The word "advent" comes from the Latin "adventus" meaning "arrival" or "coming," particularly of something having great importance.

For denominations that celebrate Advent, it marks the beginning of the church year.

In Western Christianity, Advent begins on the fourth Sunday prior to Christmas Day, or the Sunday which falls closest to November 30, and lasts through Christmas Eve, or December 24. When Christmas Eve falls on a Sunday, it is the last, or fourth Sunday of Advent.

For Eastern Orthodox churches which use the Julian calendar, Advent begins earlier, on November 15, and lasts 40 days rather than four weeks.

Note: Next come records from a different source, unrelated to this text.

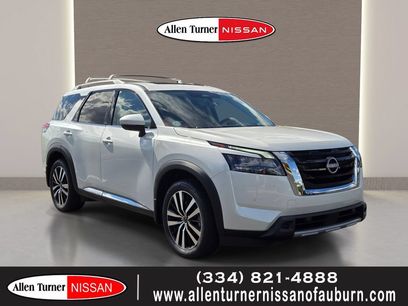 Used 2025 Nissan Pathfinder Platinum w/ Cargo Package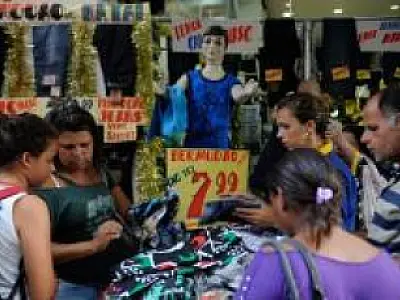 Índice de Confiança do Comércio cai 1,5% em dezembro, mostra FGV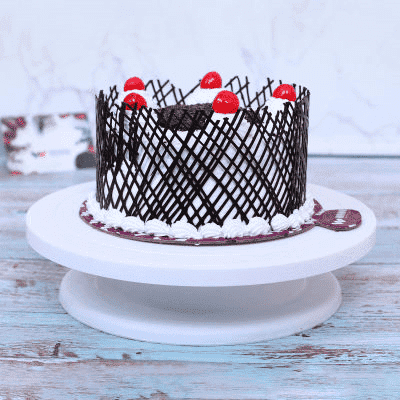 Top 5 Delicious Cakes Through Which You Can Surprise Your Siblings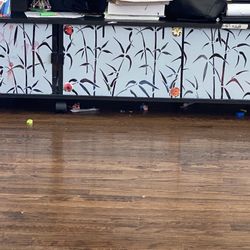 TV Stand/Entertainment Center $10 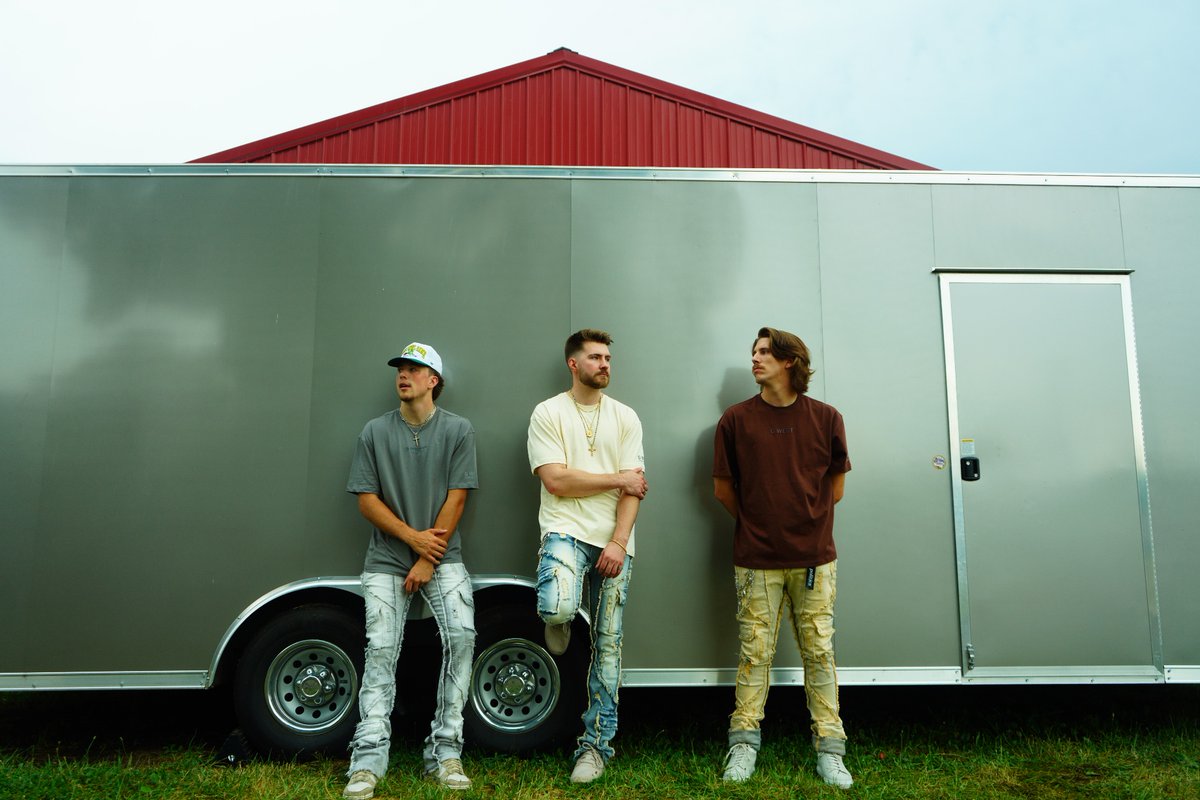 HutchDownRecords tweet media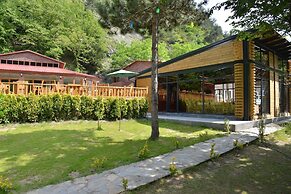 Feel & Live Hotel Villas Restaurant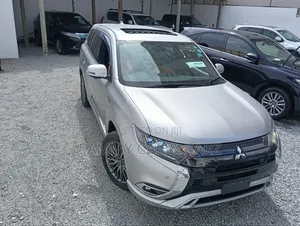 Mitsubishi Outlander 2.4 PHEV AWD 2018 Silver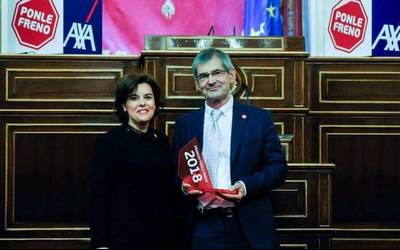 Soraya Sáenz de Santamaríaren eskutik jaso du Mateo Lafraguak "Ponle Freno" saria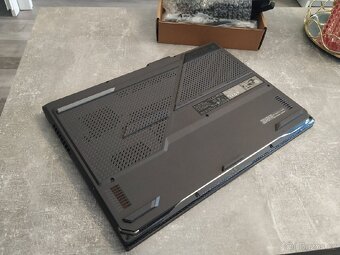Asus ROG Strix G15 G513QM - 4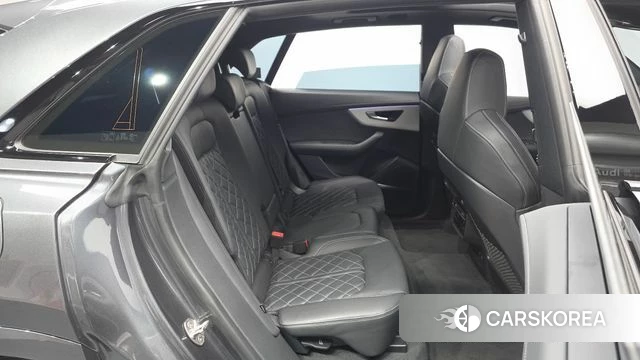 Audi Q8 (4M) 2024 Серый из Кореи, фото 2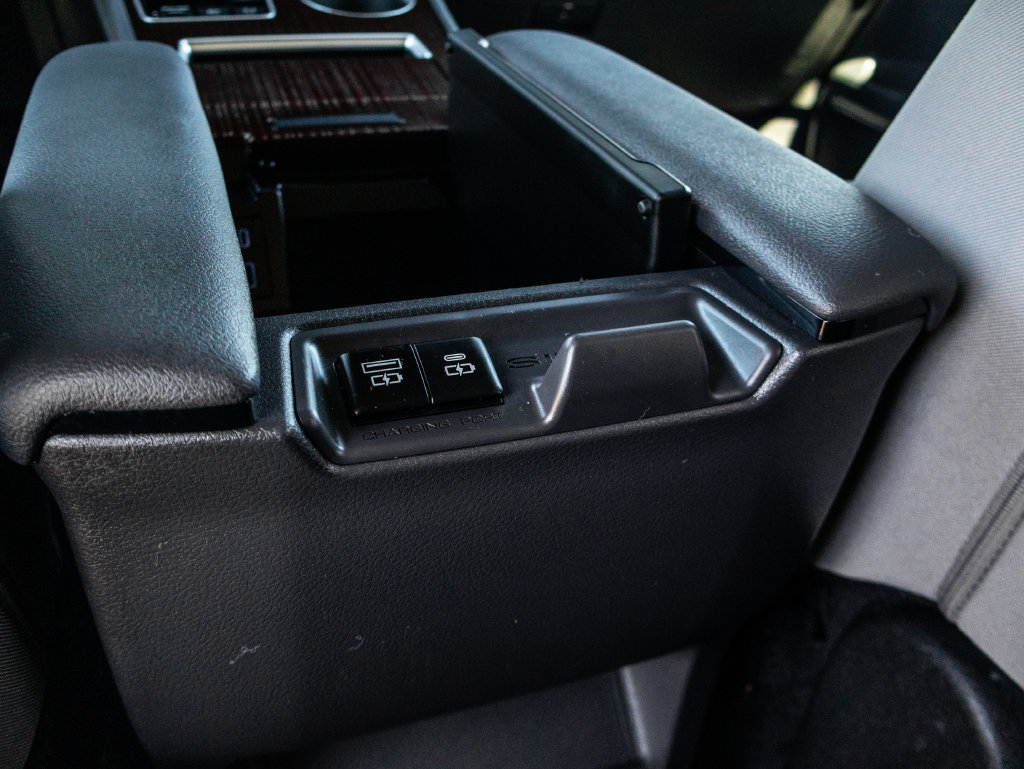 Certified 2024 Toyota Sienna LE w/ LE Plus Package FWD image 22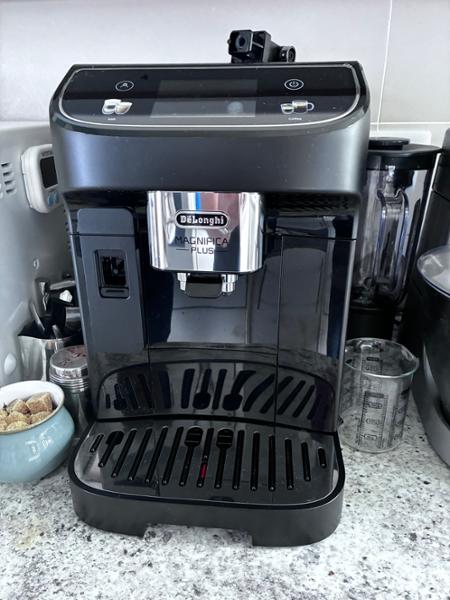 Magnifica Plus Bean to Cup Coffee Machine - Black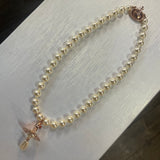 VIVIENNE WESTWOOD 
PINK GOLD ONE ROW PEARL DROP CHOKER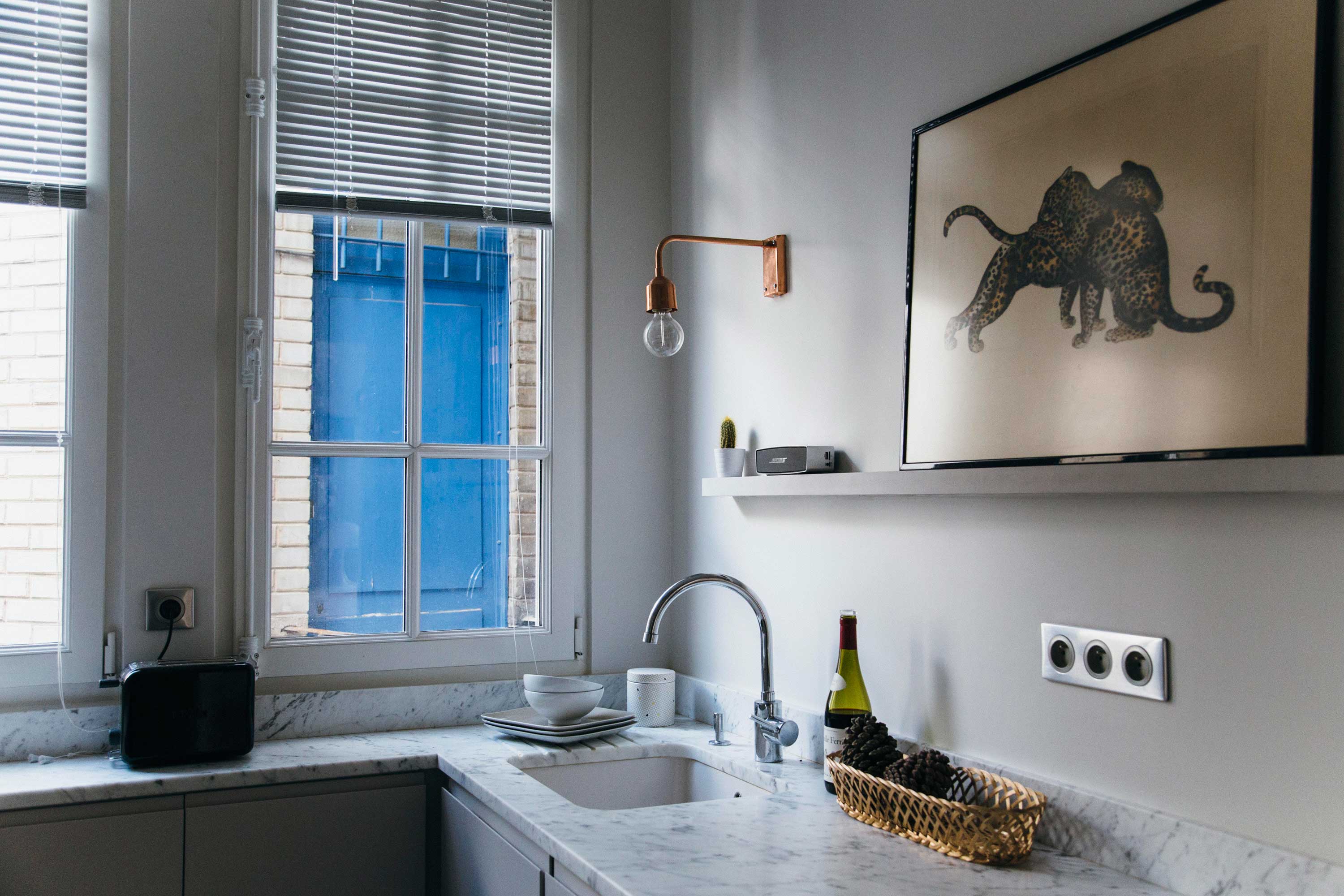 An Elegant and Luminous Contemporary Home in Paris by Camille Hermand Architectures (15)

Advent is also known as the Nativity Fast in Orthodox Christianity.

Advent is primarily observed in Christian churches that follow an ecclesiastical calendar of liturgical seasons to determine feasts, memorials, fasts and holy days.

According to some resources Advent began sometime after the 4th century as a time of preparation for Epiphany, and not in anticipation of Christmas. Epiphany celebrates the manifestation of Christ by remembering the visit of the wise men and, in some traditions, the Baptism of Jesus. At this time new Christians were baptized and received into the faith, and so the early church instituted a 40-day period of fasting and repentance.

Later, in the 6th century, St. Gregory the Great was the first to associate this season of Advent with the coming of Christ. Originally it was not the coming of the Christ-child that was anticipated, but rather, the Second Coming of Christ.

By the Middle Ages, the church had extended the celebration of Advent to include the coming of Christ through his birth in Bethlehem, his future coming at the end of time, and his presence among us through the promised Holy Spirit. Modern-day Advent services include symbolic customs related to all three of these "advents" of Christ.

Many different variations and interpretations of Advent customs exist today, depending upon the denomination and the type of service being observed. The following symbols and customs provide a general overview only, and do not represent an exhaustive resource for all Christian traditions.

The advent wreath became quite popular in homes in post-Reformation Germany. In many German homes families still have a custom of lighting four candles during advent, candles placed in a wreath of evergreens. When these candles were lit, Scripture and prayer was part of the custom and the family devotion time was a time of instructing the children about Christ's coming. Later, the custom crossed over different denominational lines and other faith traditions adapted its use.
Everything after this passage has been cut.